PROBLEM TO SOLVE. Copy every line that contains the string "with" from the entries below.

Segment Start: INPUT MATERIAL

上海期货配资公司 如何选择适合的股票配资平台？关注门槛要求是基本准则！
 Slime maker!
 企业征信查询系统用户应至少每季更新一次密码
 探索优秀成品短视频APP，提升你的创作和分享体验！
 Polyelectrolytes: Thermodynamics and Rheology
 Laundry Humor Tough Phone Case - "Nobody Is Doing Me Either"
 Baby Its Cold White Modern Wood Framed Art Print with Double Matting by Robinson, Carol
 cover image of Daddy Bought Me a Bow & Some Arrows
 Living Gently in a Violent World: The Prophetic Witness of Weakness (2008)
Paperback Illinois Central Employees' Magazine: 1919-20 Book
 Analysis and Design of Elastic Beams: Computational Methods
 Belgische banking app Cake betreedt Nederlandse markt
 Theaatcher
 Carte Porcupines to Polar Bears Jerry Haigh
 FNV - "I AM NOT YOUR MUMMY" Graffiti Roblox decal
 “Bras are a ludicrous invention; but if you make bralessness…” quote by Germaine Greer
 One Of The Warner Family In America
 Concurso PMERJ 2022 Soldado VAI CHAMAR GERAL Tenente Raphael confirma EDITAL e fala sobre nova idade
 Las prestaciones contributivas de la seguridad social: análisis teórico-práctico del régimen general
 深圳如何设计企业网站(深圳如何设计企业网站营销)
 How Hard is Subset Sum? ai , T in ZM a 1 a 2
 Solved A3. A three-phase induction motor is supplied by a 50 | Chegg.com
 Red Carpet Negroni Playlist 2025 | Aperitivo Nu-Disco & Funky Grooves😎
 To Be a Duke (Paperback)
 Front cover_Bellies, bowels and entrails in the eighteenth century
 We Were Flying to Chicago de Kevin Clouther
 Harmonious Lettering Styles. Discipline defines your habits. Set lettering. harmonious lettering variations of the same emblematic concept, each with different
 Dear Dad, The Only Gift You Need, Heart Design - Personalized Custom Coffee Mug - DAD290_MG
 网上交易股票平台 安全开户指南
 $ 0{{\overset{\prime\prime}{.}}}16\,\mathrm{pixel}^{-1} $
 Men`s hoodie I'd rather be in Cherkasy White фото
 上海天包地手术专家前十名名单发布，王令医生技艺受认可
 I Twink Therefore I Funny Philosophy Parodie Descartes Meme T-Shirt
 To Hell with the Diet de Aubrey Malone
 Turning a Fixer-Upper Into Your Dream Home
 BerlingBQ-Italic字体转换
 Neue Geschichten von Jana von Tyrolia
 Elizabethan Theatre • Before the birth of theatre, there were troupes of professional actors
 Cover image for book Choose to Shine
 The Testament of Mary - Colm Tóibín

Segment End: INPUT MATERIAL

RESPONSE TO THE TASK.
 Baby Its Cold White Modern Wood Framed Art Print with Double Matting by Robinson, Carol
 Harmonious Lettering Styles. Discipline defines your habits. Set lettering. harmonious lettering variations of the same emblematic concept, each with different
 To Hell with the Diet de Aubrey Malone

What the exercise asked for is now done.